The Apollo  and MIDAS projects reuse OMRSE classes in Apollo-SV to produce synthetic ecosystems for agent based epidemic modeling. The CAFÉ Project reuses OMRSE classes in the Ontology of Organizational Structures of Trauma centers and Trauma systems (OOSTT) (http://purl.obolibrary.org/obo/oostt.owl). OOSTT is an OWL representation of organizational structures (organizations, committees, roles, etc.) specific to trauma centers or trauma systems. It is used to compare the organizational structure of trauma centers and trauma systems. OMRSE classes are also being used to create a semantic representation of the PCORnet Common Data Model (CDM).
Construction and content
In keeping with the OBO Foundry principles , OMRSE reuses classes from other ontologies including the Basic Formal Ontology (BFO) , NCBI Taxonomy , the Information Artifact Ontology , and the Document Acts Ontology (D-acts) . We searched OntoBee or Bioportal for existing classes in BFO-based ontologies before adding new ones to OMRSE. We participate in discussion about BFO and other OBO ontologies to ensure compatibility with other OBO/BFO ontologies. The additions that we report in this paper have been developed with investigators on these projects to ensure accurate and useful semantics of new classes. The recent developments in OMRSE can be classified into eight content areas described in the subsections below. In addition to introducing new content, we have also updated OMRSE to be compatible with the Basic Formal Ontology 2.0 (BFO2).
Organizations and the roles they create
Some roles, such as employee and student roles, exist only in relation to organizations. To represent the relationships between these roles and organizations we leveraged the work in D-Acts, an OWL ontology built according to the OBO Foundry principles and using BFO. D-acts is based on works by Reinach  and Smith  explaining how social acts create new entities. The ontology represents social acts (such as signing a contract or enrolling as a student), the socio-legal entities those social acts create (such as rights and obligations or a student role), and the object properties relating these kinds of entities .
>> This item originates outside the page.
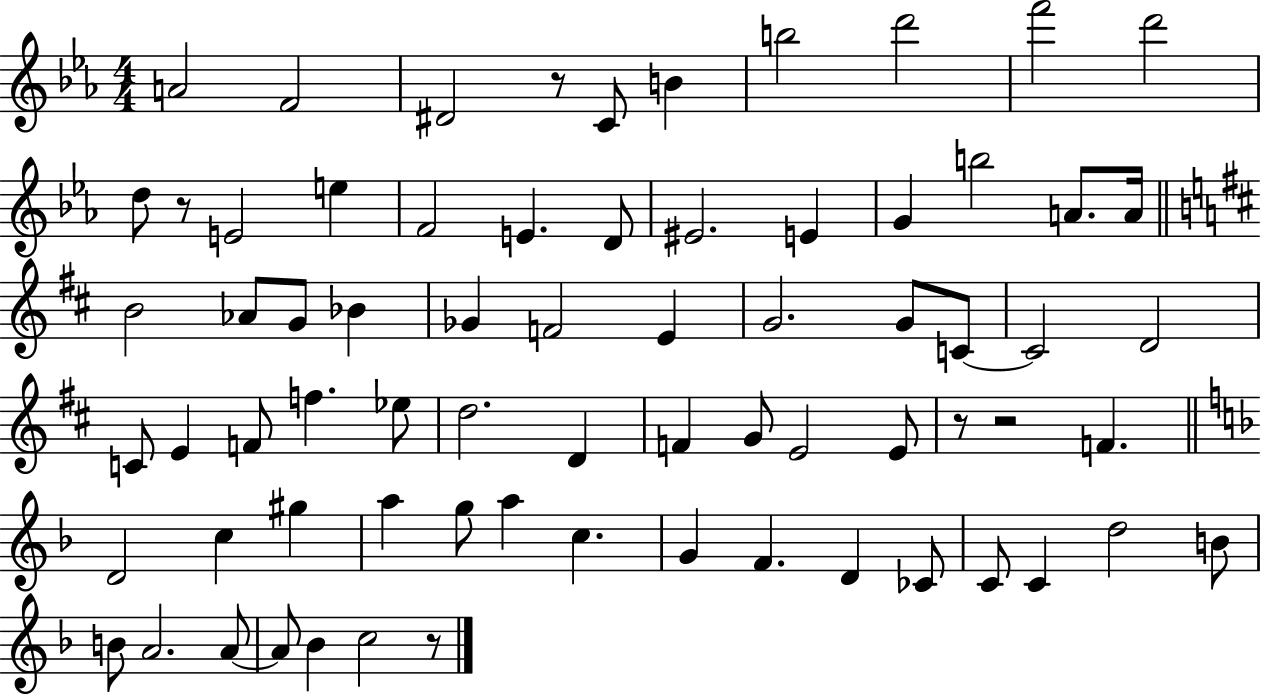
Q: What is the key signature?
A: EES major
The major developments for representing demographic data consist in modeling social identities (race and ethnicity) and marital status. Social identities differ from other demographic data since the referent of identities is ontologically unclear. For considerations of space and clarity, we reserve a discussion of social identities for a future manuscript. At present details can be found in  and https://www.youtube.com/watch?v=-pcQUNWtnVk.
Many coding schemes have several values for marital status (HL7 has nine), but we model marital status as binary. In clinical settings marital status is recorded to document whether a patient has a spouse who can make decisions on his or her behalf; either they have a spouse to make decisions on their behalf or they do not. We currently have no use case for knowing a person has never been married nor for capturing what process resulted in the end of a marriage (i.e., death of the spouse or a divorce).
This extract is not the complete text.